When I call something “weaksauce,” I don’t mean to imply that it’s a bad idea, only that it doesn’t involve huge guns, or giant sulfur-spewing zepellins. Sort of like how cool roofs are weaksauce. Cool roofs have come up on the Buzz before. The idea is that by simply having lighter-colored roofs, more sunlight and heat is reflected back away from the Earth. And, aside from the planet heating up a little less, your house heats up a little less too, so you don’t have to use as much energy on air conditioning, and the power companies don’t have to burn as much coal, etc. Pretty neat, huh?
Unfortunately, it’d be pretty tricky to get enough people to have reflective roofs for it to make much of a difference to global temperatures—otherwise the cooling would just be local, and who cares about that, right? Plus… no giant guns, or anything.

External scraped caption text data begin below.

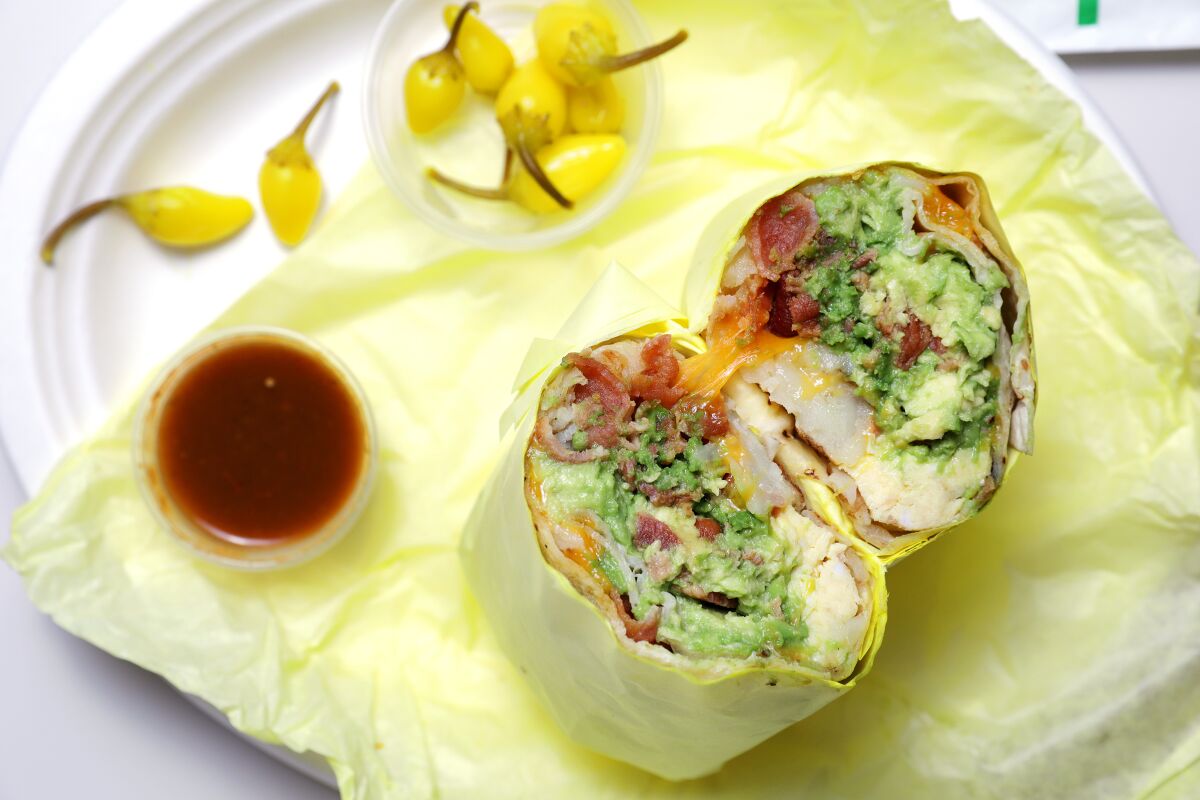 A breakfast burrito with bacon and avocado from Lucky Boy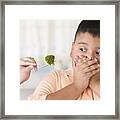 Hispanic Boy Covering Mouth Next To Broccoli Framed Print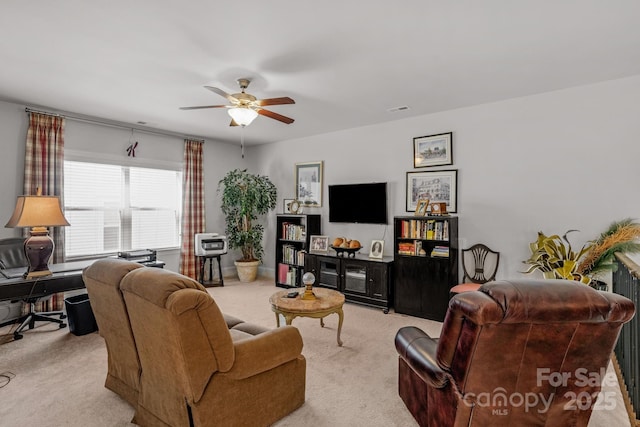 living room with visible vents, light colored carpet, and ceiling fan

Not like the plans to build a sunshade in space. They have guns.
Remember that season finale episode of The Simpsons, where Mr. Burns built a giant metal shade to block the Sun from Springfield? I hope you do, because some scientists are actually proposing something like that, but on a larger scale, and in space. Like, massive mirrored satellites. Or there’s the plan mentioned in this Atlantic article (which I’ve linked to before)—A professor at the University of Arizona proposes building 20 giant electromagnetic guns (rail guns?), each more than a mile long, with the purpose of firing Frisbee-sized ceramic disks into space. Each gun would fire 180,000 disks a minute, 24 hours a day, for 10 years. At that point, there should be enough disks suspended “at the gravitational midpoint between the Earth and the Sun,” that sunlight headed toward Earth would be significantly scattered… lowering the planet’s temperature. Unfortunately, the technology for these guns doesn’t exist, it would be really expensive, and it would kind of last forever. Also, one gets the feeling that this professor is just trying to make a point. On the other hand… giant disk guns.
And then there are the middle ground plans, like cloud enhancement. The idea there is to make the clouds puffier and whiter by blasting seawater up into the air with special ships. These nice, white clouds would, again, reflect more sunlight away from the Earth, cooling things down. It shouldn’t last forever, and who doesn’t like puffy white clouds? Unfortunately, it ain’t cheap, and as with all most of the other solar radiation management plans, we don’t know exactly what all the repercussions would be. Clouds are just clouds, right? Yes, but clouds affect how much rain we get, and who gets it, and how much plants photosynthesize, and so forth and so forth. And the plan is slightly less gunny than the space-sunshade thing.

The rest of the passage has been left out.